Finding geographical points of interest using Python
This blog will take a look at scraping the TomTom and Google Places APIs to get all the points of interest in an area. A recursive grid search algorithm is discussed that efficiently identifies all of the POIs in a large area where there is a limit on the number of results the API returns.
TomTom vs Google
First, let’s compare each API:
TomTom | Google Places | |
---|---|---|
Max free daily requests | 2500 | 2500 |
Max results returned | 100 | 20 |
Point search | Yes | Yes |
Max point search radius | none | 50km |
Rectangle search | Yes | No |
Up-to-date | No | Yes |
In each case, you need to register for your own API key which you include as a parameter in the search. Both provide the same number of free daily requests, but TomTom returns more results and allows you to search a broader area. Google’s results, however, are generally more up-to-date and complete.
The rectangular search function of the TomTom API allows us to recursively search smaller and smaller areas untill all points of interest are found so we use that instead of the Google API. Let’s look at the code.
Imports
We’ll use the requests library to make the API calls and pandas to view the results.
import os
import requests
import json
import pandas
Using the TomTom API category search
This function makes each API call and processes the results by only selecting the fields we need. It’s a good idea to save the full response to a text file as well.
def tomtom_category_search_request(api_key, category, top_left=None, btm_right=None):
# create the directory if it doesn't exist:
directory = 'output/' + category
if not os.path.exists(directory):
os.makedirs(directory)
url = """
https://api.tomtom.com/search/2/categorySearch/{category}.json?key={api_key}&topLeft={top_left}&btmRight={btm_right}&countrySet=ZA&limit=100
""".format(category=category, api_key=api_key, top_left=top_left, btm_right=btm_right)
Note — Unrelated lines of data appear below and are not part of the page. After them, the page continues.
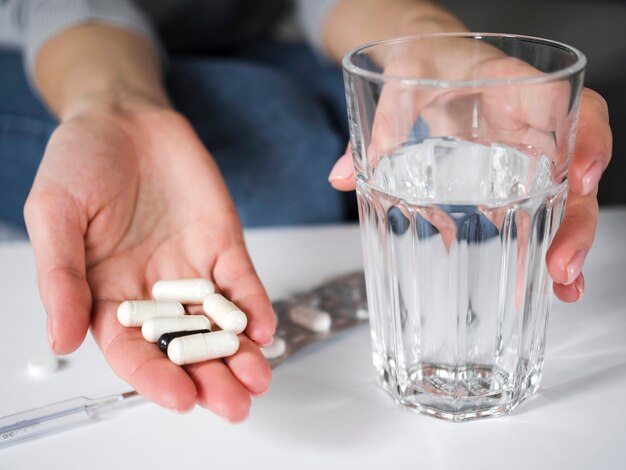 Close-up hands with pills and glass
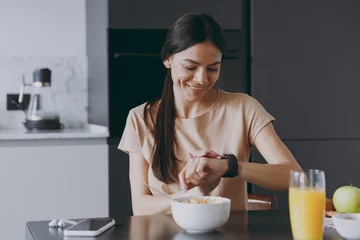 Fotobehang Young smiling happy punctual calm housewife woman 20s wear beige t-shirt eat breakfast in morning look at smart watch check time cooking food in light kitchen at home Healthy diet lifestyle concept. © ViDi Studio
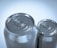 Two aluminum beverage cans are positioned closely together. The focus is on the top lids with pull tabs, showcasing a metallic and reflective surface. Lighting highlights the shiny texture and smooth curves of the cans.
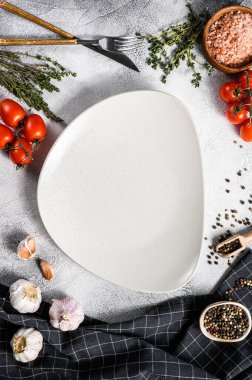 Taze çiğ sebze ve sebzelerin ortasında beyaz boş bir tabak. Sağlıklı, temiz yemek, vejetaryen, diyet yemek konsepti. Beyaz arka plan. Üst Manzara. Boşluğu kopyala.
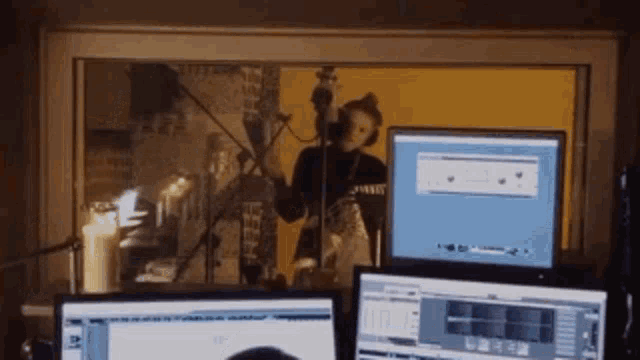a person is singing into a microphone in front of a computer screen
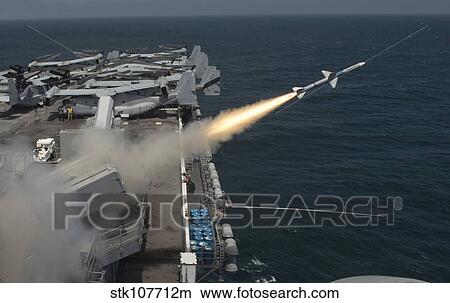 A RIM-7 Sea Sparrow missile is launched from USS Boxer. View Large Photo Image Picture - A RIM-7 Sea Sparrow missile is launched from USS Boxer.. Fotosearch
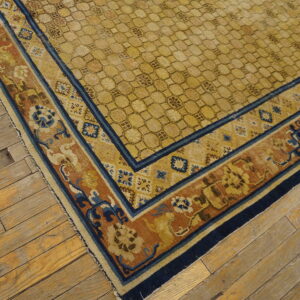 A gold geometric rug with navy and rust floral borders lies on distressed wooden floorboards.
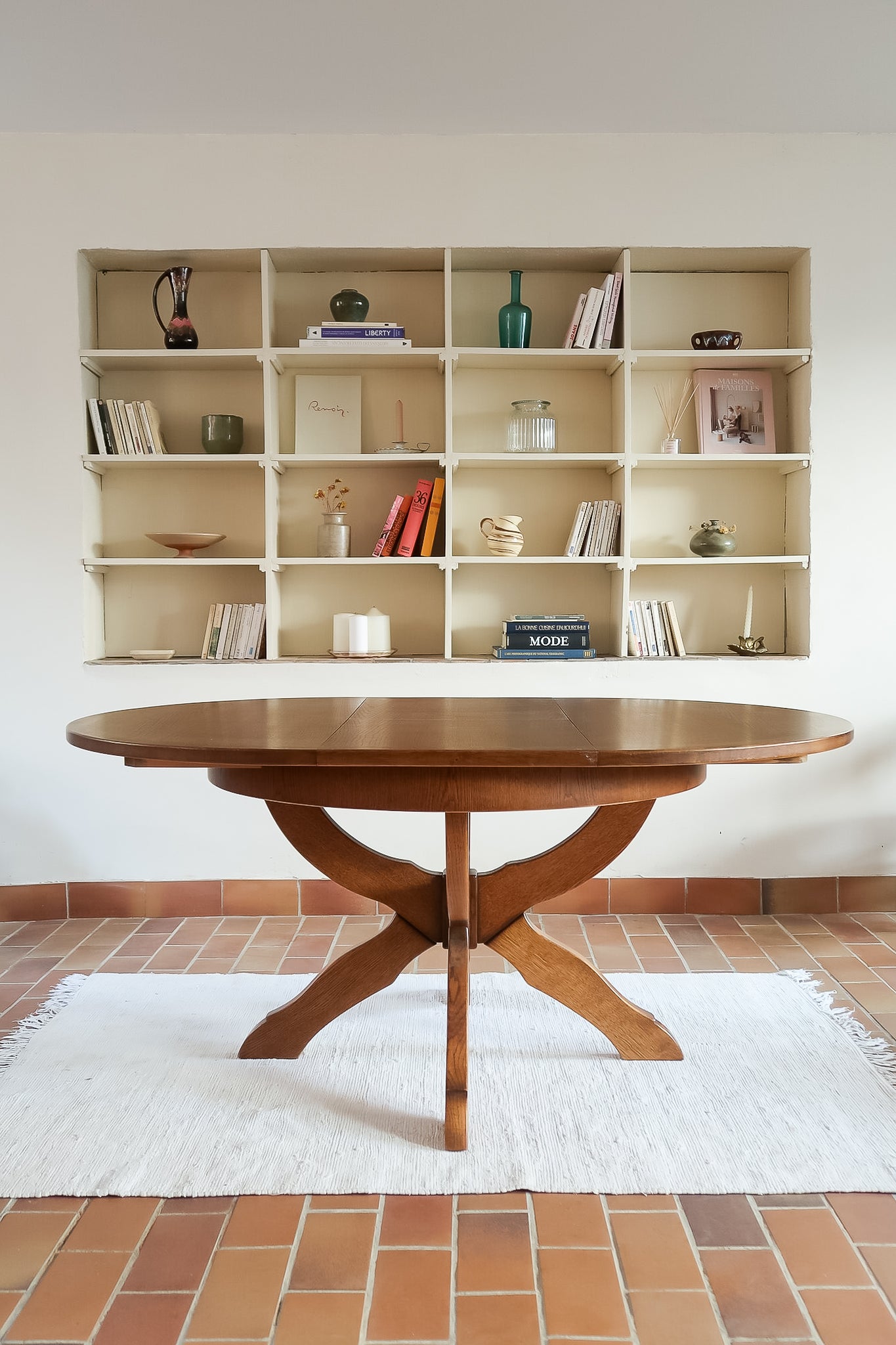 Table ronde vintage à rallonge en chêne massif éditée par Lübke, Allemagne années 60, estampille d'origine sous le plateau, piétement central à quatre jambes plates croisées en X réunies par un moyeu rond, allonge centrale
filename = 'output/' + category + '/out_' + str(top_left).replace('.','') + '_' + str(btm_right).replace('.','') + '.txt'
response = requests.get(url)
data = response.json()
if 'httpStatusCode' not in data:
with open(filename, 'w') as outfile:
json.dump(data, outfile)
number_pois = len(data['results'])
poi_data = {}
# extract the fields we need
for result in data['results']:
name = result["poi"]["name"] if "name" in result["poi"] else None
id = result["id"] if "id" in result else None
lat = result["position"]["lat"] if "lat" in result["position"] else None
lon = result["position"]["lon"] if "lon" in result["position"] else None
categories = [j[0]["name"] for j in [i["names"] for i in result["poi"]["classifications"]]][0]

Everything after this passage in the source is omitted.